Life of Man reaped broad success, a fact that speaks volumes on the taste of the Public. I am sure that in this country Andreyev’s play would be a more “paying proposition” for the producer than even “Everywoman.” The plaintive philosophy of Job clothed in modern phraseology; Maeterlinckian Fates dancing in a saloon around the drunken Man; symbolization of Destiny and squeals of the new-born Man; quasi-primitiveness turned into wood-cut allegory and melodramatic effects (of course, there occur several deaths: there is not a single play by Andreyev not spiced with two or three natural or unnatural deaths),—is it any wonder that Life of Man vied in popularity with its contemporary, The Merry Widow?

No, messrs. stage-managers and publishers, we reject your popular Andreyev.

Alexander S. Kaun.

Horace Traubel’s Whitman

With Walt Whitman in Camden, by Horace Traubel. [Mitchell Kennerley, New York.]
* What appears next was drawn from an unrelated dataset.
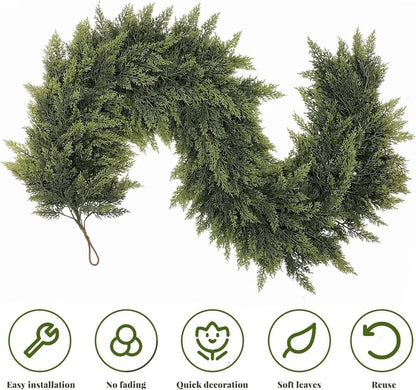 🎄 6ft Real Touch Artificial Cedar Garland | Lifelike Winter Pine Greenery for Christmas Mantle, Table & Wall Decor
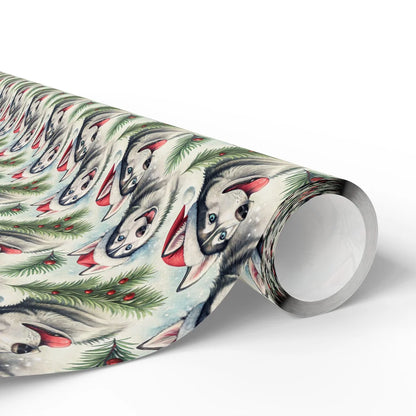 Santa Paws Siberian Husky Christmas Wrapping Paper — paper roll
The wheat that eager work extricates from huge masses of chaff is worth what it costs. Leaves of Grass does not contain all the solid nutrition that stands for Whitman’s durable contribution to the literary food supply of America: he added to it substantially by talking to his friend, Horace Traubel, during the poet’s residence at Camden, N. J., from 1888 to the end of his life in 1892, and that comrade, who jotted down every word, has scattered the resultant wheat through its own chaff. Three of the eight volumes through which the mixture is to run have been published.

It is inevitable that inconsequential stuff—sheer nonsense in instances—should find its way into this morbidly complete story of the harvest years of Whitman’s life; but it is surprising how much personality and interpretative value lie hidden in some of his most commonplace utterances. A tremendous personality descends to occasional banality because of the inadequacy and commonness of words. It is too much to expect Whitman even to revitalize the vocabulary of a democracy. But great as he was as a cosmic voice, Whitman exhibited and confessed kinship with common clay. In fact, Leaves of Grass could never have grown out of an artificial soil, inoculated with classic cultures; it sprang as the first vegetation upon the surface of a wild, primal clay. Whitman was first of all a big, magnificent animal-man; he was secondarily a powerful poetic instrumentality, giving sound and articulation to the wee sma’ voices exhaled by the earth. That is why the essence of his message was an appeal and a challenge to and an expression of democracy. (Of course, I do not mean the institutionalized democracy of politicians, for no Jeffersonian goes to Whitman for solace when his faith is wobbling; I mean the bio-economic democracy that some of us believe in as a part of natural law.)